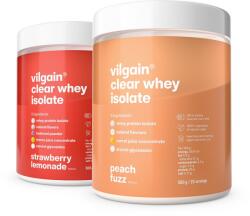 Vilgain Clear Whey Isolate 500 g double pack -⁠ doua cutii la alegere cu aromă de fructe proaspete, îndulciți cu stevia, cu peste 84% proteine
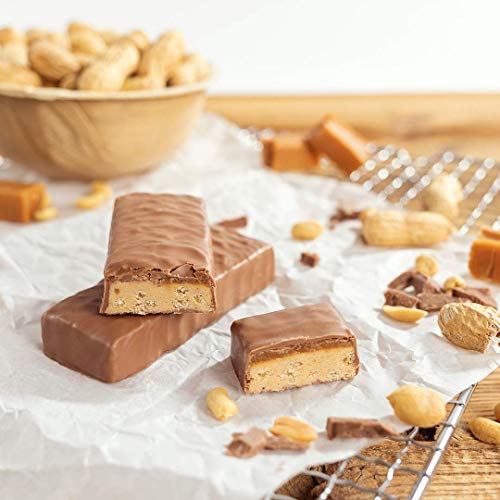 Premier Protein Bar Deluxe Chocolate Peanut Butter 18x50g - Alta Proteína Baja Azúcar + Carbohidratos reducidos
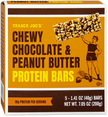 Trader Joe's Chewy Chocolate & Peanut Butter Protein Bars, 200g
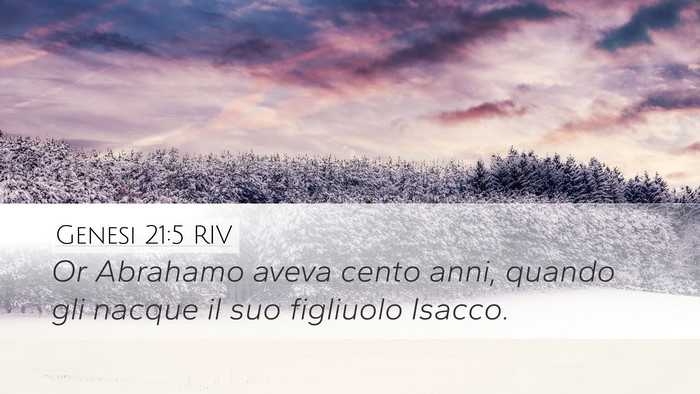 Genesi 21:5 RIV Bible Verse Image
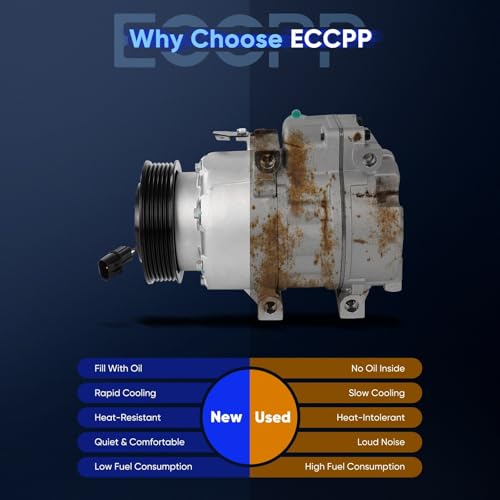 Image of ECCPP AC Compressor for Hyundai for Genesis 3.8L 2014-2016 | for Genesis G90 G80 3.3L 2017-2019 AC Compressor with Clutch Rapid Cooling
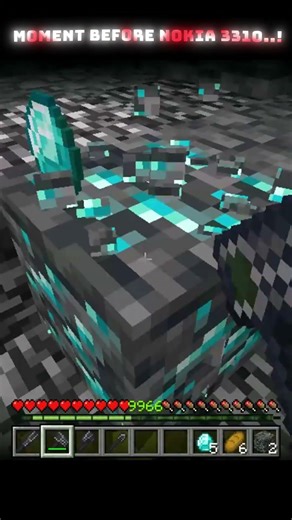 Nokia vs Bedrock 💀 || #viral #minecraft #shorts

_____

TASK REQUIREMENTS: Give every entry again as it is, dropping its pictures.

WRITTEN RESPONSE:
 Vilgain Clear Whey Isolate 500 g double pack -⁠ doua cutii la alegere cu aromă de fructe proaspete, îndulciți cu stevia, cu peste 84% proteine
 Premier Protein Bar Deluxe Chocolate Peanut Butter 18x50g - Alta Proteína Baja Azúcar + Carbohidratos reducidos
 Trader Joe's Chewy Chocolate & Peanut Butter Protein Bars, 200g
 Genesi 21:5 RIV Bible Verse Image
 Image of ECCPP AC Compressor for Hyundai for Genesis 3.8L 2014-2016 | for Genesis G90 G80 3.3L 2017-2019 AC Compressor with Clutch Rapid Cooling
 Nokia vs Bedrock 💀 || #viral #minecraft #shorts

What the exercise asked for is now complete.